Exercise goal
Type the entries again, word for word.

(Data extracted from a collection)
------------------------------------
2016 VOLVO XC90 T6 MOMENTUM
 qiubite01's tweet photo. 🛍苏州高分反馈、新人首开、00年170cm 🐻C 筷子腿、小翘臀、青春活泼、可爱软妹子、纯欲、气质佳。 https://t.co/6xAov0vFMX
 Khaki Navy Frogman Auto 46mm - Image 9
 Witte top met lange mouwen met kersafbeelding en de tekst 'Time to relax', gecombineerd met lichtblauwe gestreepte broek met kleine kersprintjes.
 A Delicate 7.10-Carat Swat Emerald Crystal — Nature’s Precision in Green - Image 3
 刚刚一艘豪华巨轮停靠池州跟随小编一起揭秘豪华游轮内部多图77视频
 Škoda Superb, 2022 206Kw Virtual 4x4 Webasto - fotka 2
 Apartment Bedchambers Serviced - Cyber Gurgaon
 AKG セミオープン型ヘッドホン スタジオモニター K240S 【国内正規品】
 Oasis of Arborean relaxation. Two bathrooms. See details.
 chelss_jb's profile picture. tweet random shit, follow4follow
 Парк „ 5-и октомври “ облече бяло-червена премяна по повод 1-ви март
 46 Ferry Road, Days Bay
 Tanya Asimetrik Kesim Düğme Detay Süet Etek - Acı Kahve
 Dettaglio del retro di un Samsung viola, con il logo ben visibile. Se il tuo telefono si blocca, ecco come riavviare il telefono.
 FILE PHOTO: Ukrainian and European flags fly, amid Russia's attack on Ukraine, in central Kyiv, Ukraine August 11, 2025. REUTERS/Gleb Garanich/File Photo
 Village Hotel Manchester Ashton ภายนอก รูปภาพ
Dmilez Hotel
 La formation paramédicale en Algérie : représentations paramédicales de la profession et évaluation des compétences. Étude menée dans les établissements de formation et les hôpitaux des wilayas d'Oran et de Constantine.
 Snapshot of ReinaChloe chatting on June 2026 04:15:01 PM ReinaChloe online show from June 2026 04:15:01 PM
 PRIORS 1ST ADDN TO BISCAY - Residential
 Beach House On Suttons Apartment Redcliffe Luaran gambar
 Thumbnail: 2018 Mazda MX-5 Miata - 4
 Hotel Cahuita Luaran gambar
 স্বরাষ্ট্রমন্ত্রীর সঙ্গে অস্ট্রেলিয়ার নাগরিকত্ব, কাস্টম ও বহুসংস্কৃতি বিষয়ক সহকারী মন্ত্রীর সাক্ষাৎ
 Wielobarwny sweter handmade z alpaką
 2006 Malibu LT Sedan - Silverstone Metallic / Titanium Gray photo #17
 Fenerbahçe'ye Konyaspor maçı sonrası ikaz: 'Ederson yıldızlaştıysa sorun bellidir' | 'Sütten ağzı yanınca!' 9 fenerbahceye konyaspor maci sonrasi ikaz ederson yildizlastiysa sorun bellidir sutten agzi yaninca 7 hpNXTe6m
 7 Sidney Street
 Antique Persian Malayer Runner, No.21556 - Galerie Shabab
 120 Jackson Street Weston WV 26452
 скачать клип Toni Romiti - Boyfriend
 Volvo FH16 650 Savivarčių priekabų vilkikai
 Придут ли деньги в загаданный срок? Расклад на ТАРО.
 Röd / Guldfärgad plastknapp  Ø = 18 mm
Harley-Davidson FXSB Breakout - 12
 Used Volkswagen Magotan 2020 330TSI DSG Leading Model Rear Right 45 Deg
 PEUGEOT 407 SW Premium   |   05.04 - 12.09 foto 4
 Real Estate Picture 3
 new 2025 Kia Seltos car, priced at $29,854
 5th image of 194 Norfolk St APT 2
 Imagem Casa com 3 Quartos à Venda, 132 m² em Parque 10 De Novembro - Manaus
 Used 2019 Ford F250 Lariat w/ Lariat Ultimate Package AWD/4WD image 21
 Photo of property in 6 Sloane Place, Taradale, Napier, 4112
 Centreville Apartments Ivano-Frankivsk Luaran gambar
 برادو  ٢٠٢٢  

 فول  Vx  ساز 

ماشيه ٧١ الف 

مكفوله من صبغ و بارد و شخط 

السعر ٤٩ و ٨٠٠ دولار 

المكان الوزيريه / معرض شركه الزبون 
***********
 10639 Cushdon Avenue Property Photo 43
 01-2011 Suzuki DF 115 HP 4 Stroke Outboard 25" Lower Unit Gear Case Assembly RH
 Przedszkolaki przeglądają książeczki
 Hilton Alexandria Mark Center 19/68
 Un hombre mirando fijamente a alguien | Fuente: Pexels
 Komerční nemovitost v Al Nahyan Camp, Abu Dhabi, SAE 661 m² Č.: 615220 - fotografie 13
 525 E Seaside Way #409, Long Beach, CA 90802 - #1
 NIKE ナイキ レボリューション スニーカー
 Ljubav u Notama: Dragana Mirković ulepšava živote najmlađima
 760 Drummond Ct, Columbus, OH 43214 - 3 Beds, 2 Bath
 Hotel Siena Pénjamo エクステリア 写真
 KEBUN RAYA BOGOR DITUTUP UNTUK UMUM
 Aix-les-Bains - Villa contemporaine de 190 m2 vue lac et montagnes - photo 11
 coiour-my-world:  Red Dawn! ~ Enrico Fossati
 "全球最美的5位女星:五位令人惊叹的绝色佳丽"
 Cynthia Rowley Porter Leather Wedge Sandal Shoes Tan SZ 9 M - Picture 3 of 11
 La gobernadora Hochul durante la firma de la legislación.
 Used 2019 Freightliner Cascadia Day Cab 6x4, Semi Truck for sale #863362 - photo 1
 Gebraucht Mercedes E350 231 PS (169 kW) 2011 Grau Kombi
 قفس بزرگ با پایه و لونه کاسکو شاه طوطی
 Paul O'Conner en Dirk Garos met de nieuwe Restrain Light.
------------------------------------
Your solution
2016 VOLVO XC90 T6 MOMENTUM
 qiubite01's tweet photo. 🛍苏州高分反馈、新人首开、00年170cm 🐻C 筷子腿、小翘臀、青春活泼、可爱软妹子、纯欲、气质佳。 https://t.co/6xAov0vFMX
 Khaki Navy Frogman Auto 46mm - Image 9
 Witte top met lange mouwen met kersafbeelding en de tekst 'Time to relax', gecombineerd met lichtblauwe gestreepte broek met kleine kersprintjes.
 A Delicate 7.10-Carat Swat Emerald Crystal — Nature’s Precision in Green - Image 3
 刚刚一艘豪华巨轮停靠池州跟随小编一起揭秘豪华游轮内部多图77视频
 Škoda Superb, 2022 206Kw Virtual 4x4 Webasto - fotka 2
 Apartment Bedchambers Serviced - Cyber Gurgaon
 AKG セミオープン型ヘッドホン スタジオモニター K240S 【国内正規品】
 Oasis of Arborean relaxation. Two bathrooms. See details.
 chelss_jb's profile picture. tweet random shit, follow4follow
 Парк „ 5-и октомври “ облече бяло-червена премяна по повод 1-ви март
 46 Ferry Road, Days Bay
 Tanya Asimetrik Kesim Düğme Detay Süet Etek - Acı Kahve
 Dettaglio del retro di un Samsung viola, con il logo ben visibile. Se il tuo telefono si blocca, ecco come riavviare il telefono.
 FILE PHOTO: Ukrainian and European flags fly, amid Russia's attack on Ukraine, in central Kyiv, Ukraine August 11, 2025. REUTERS/Gleb Garanich/File Photo
 Village Hotel Manchester Ashton ภายนอก รูปภาพ
Dmilez Hotel
 La formation paramédicale en Algérie : représentations paramédicales de la profession et évaluation des compétences. Étude menée dans les établissements de formation et les hôpitaux des wilayas d'Oran et de Constantine.
 Snapshot of ReinaChloe chatting on June 2026 04:15:01 PM ReinaChloe online show from June 2026 04:15:01 PM
 PRIORS 1ST ADDN TO BISCAY - Residential
 Beach House On Suttons Apartment Redcliffe Luaran gambar
 Thumbnail: 2018 Mazda MX-5 Miata - 4
 Hotel Cahuita Luaran gambar
 স্বরাষ্ট্রমন্ত্রীর সঙ্গে অস্ট্রেলিয়ার নাগরিকত্ব, কাস্টম ও বহুসংস্কৃতি বিষয়ক সহকারী মন্ত্রীর সাক্ষাৎ
 Wielobarwny sweter handmade z alpaką
 2006 Malibu LT Sedan - Silverstone Metallic / Titanium Gray photo #17
 Fenerbahçe'ye Konyaspor maçı sonrası ikaz: 'Ederson yıldızlaştıysa sorun bellidir' | 'Sütten ağzı yanınca!' 9 fenerbahceye konyaspor maci sonrasi ikaz ederson yildizlastiysa sorun bellidir sutten agzi yaninca 7 hpNXTe6m
 7 Sidney Street
 Antique Persian Malayer Runner, No.21556 - Galerie Shabab
 120 Jackson Street Weston WV 26452
 скачать клип Toni Romiti - Boyfriend
 Volvo FH16 650 Savivarčių priekabų vilkikai
 Придут ли деньги в загаданный срок? Расклад на ТАРО.
 Röd / Guldfärgad plastknapp  Ø = 18 mm
Harley-Davidson FXSB Breakout - 12
 Used Volkswagen Magotan 2020 330TSI DSG Leading Model Rear Right 45 Deg
 PEUGEOT 407 SW Premium   |   05.04 - 12.09 foto 4
 Real Estate Picture 3
 new 2025 Kia Seltos car, priced at $29,854
 5th image of 194 Norfolk St APT 2
 Imagem Casa com 3 Quartos à Venda, 132 m² em Parque 10 De Novembro - Manaus
 Used 2019 Ford F250 Lariat w/ Lariat Ultimate Package AWD/4WD image 21
 Photo of property in 6 Sloane Place, Taradale, Napier, 4112
 Centreville Apartments Ivano-Frankivsk Luaran gambar
 برادو  ٢٠٢٢  

 فول  Vx  ساز 

ماشيه ٧١ الف 

مكفوله من صبغ و بارد و شخط 

السعر ٤٩ و ٨٠٠ دولار 

المكان الوزيريه / معرض شركه الزبون 
***********
 10639 Cushdon Avenue Property Photo 43
 01-2011 Suzuki DF 115 HP 4 Stroke Outboard 25" Lower Unit Gear Case Assembly RH
 Przedszkolaki przeglądają książeczki
 Hilton Alexandria Mark Center 19/68
 Un hombre mirando fijamente a alguien | Fuente: Pexels
 Komerční nemovitost v Al Nahyan Camp, Abu Dhabi, SAE 661 m² Č.: 615220 - fotografie 13
 525 E Seaside Way #409, Long Beach, CA 90802 - #1
 NIKE ナイキ レボリューション スニーカー
 Ljubav u Notama: Dragana Mirković ulepšava živote najmlađima
 760 Drummond Ct, Columbus, OH 43214 - 3 Beds, 2 Bath
 Hotel Siena Pénjamo エクステリア 写真
 KEBUN RAYA BOGOR DITUTUP UNTUK UMUM
 Aix-les-Bains - Villa contemporaine de 190 m2 vue lac et montagnes - photo 11
 coiour-my-world:  Red Dawn! ~ Enrico Fossati
 "全球最美的5位女星:五位令人惊叹的绝色佳丽"
 Cynthia Rowley Porter Leather Wedge Sandal Shoes Tan SZ 9 M - Picture 3 of 11
 La gobernadora Hochul durante la firma de la legislación.
 Used 2019 Freightliner Cascadia Day Cab 6x4, Semi Truck for sale #863362 - photo 1
 Gebraucht Mercedes E350 231 PS (169 kW) 2011 Grau Kombi
 قفس بزرگ با پایه و لونه کاسکو شاه طوطی
 Paul O'Conner en Dirk Garos met de nieuwe Restrain Light.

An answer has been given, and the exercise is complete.